Rant #2,367: What a Gas!



One of the chores that most adults face is that they have to fill up their cars with gas at least once a week or so in order to be able to get to where they are going.

Gas had been relatively cheap for years after an explosion about five years ago where in my part of the world, it was about $5 a gallon.

Since then, gas had plummeted to as low as $1.60-something a gallon in my neck of the woods, but had had a couple of decent price increases since then.

Well, today, in May 2019, I am now wondering if the days of $5 a gallon are not too far away.

Gas is now pushing $3 a gallon at most stations that I pass by, and some stations have even exceeded the $3 plateau.

And it isn't just happening in the northeast. Gas prices have risen all over the country, and in California, prices are hitting the dreaded $5 level.

The gas companies and other pundits claim that at least in the northeast, the drastic leaps in price have to do with "the summer gas," which is different than "winter gas," I guess, because the mixture is different and more expensive to make.

We are also over-taxed on our gas here, so that adds a lot to the price too.

But with the different mixtures, are we talking about wine here or gas?

Gas has gotten a lot like wine, hasn't it?

Anyway, the most important thing is that gas prices are rising, but funny, I don't see my paycheck rising to cover the cost--my paycheck hasn't risen in years, so no surprise here.

But what is also happening is that everything has gone up, and that relates to what we buy in the supermarket, too.

It has to do with fuel costs.

If it takes more money to fuel up the trucks to bring your bread and eggs and pasta sauce and cereal to the stores, the manufacturers are not going to absorb the cost--you are.

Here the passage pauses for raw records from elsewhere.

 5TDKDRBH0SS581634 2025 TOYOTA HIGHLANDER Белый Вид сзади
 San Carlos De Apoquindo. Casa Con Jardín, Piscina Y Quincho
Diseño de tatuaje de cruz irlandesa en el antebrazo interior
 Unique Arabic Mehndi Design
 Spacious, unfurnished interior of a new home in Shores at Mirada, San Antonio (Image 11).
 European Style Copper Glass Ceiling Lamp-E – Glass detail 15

So I have noticed some great leaps in prices in the supermarket in recent weeks.

Of course, this is a problem in itself, but the manufacturers have a habit of keeping prices at these levels even when the price of gas settles down.

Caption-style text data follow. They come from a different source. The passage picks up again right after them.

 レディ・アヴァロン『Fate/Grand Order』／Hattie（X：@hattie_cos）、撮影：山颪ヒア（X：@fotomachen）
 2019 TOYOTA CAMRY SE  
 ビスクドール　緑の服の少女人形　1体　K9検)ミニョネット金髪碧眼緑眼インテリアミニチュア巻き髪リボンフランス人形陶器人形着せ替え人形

And again, I don't see my paycheck rising to counter these price hikes.

We have been told that the price of gas is going to rise for at least until the summer, so yes, we are looking in the northeast at, if not $5 a gallon, certain closer to $4 a gallon.

In California, who knows what they are going to experience?

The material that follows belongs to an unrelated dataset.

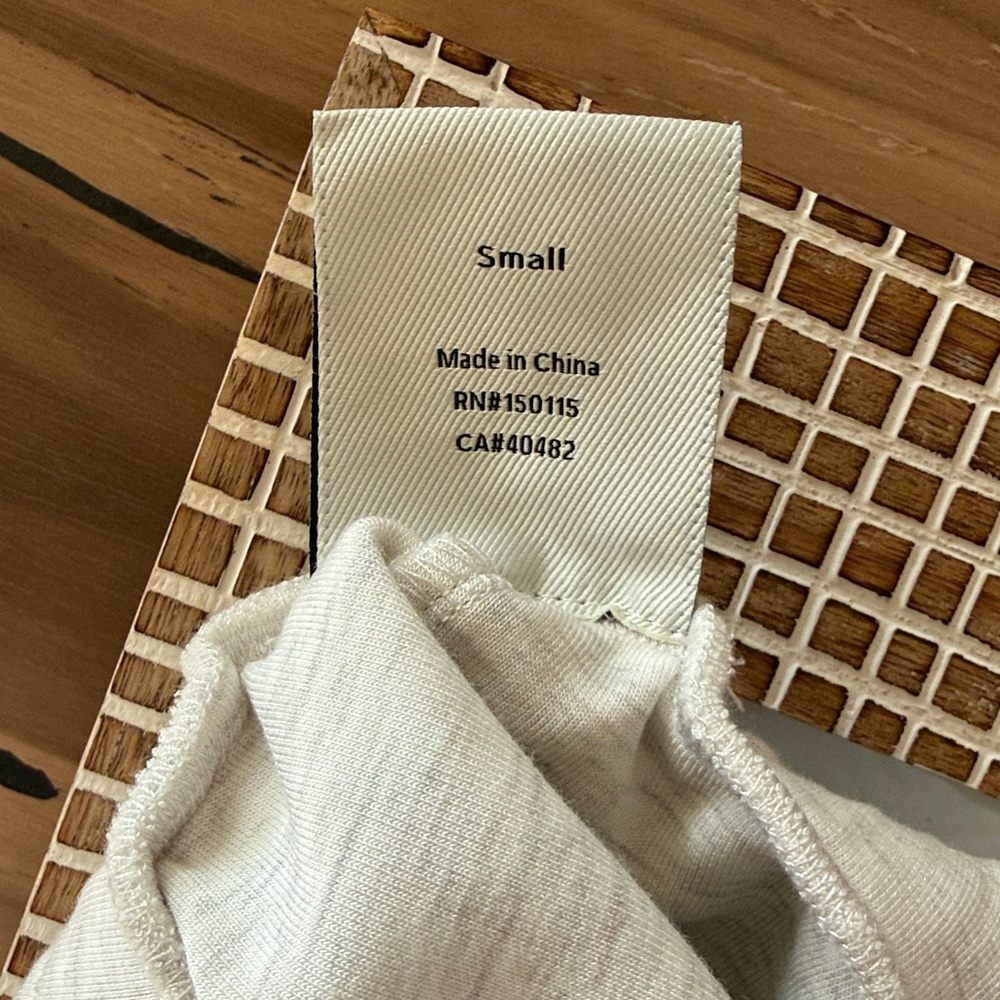 Varley Atrium High Rise Shorts - Picture 8 of 12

It just makes you want to get an electric car, doesn't it--or at least a hybrid.

Right now, that is not doable for me, so I will just have to grind it out with what I have, my 2014 Kia Optima, a car which I got under trying circumstances, but one which I have grown to love.

Searching around for gas--and the best price--is an option, but my weekends are so filled up, as are the weekdays, that I don't have the time nor the patience to be looking for cheaper gas, if it even exists anymore.

So I generally fill up pretty local to where I live. I found a station that you pay the same price whether you use cash or debit card--but not credit card--which I think is something of a novelty, so I filled up yesterday at that station.

The price was commensurate with the "cheap gas" around me--$2.89 a gallon--so I felt I did a good job, and yes, for the past three weeks, I have put more than $30 in my car's tank at each fill up, a dollar figure I hadn't exceeded for months.

But that is the way it is now.

And yes, the situation does give me gas, figuratively and literally.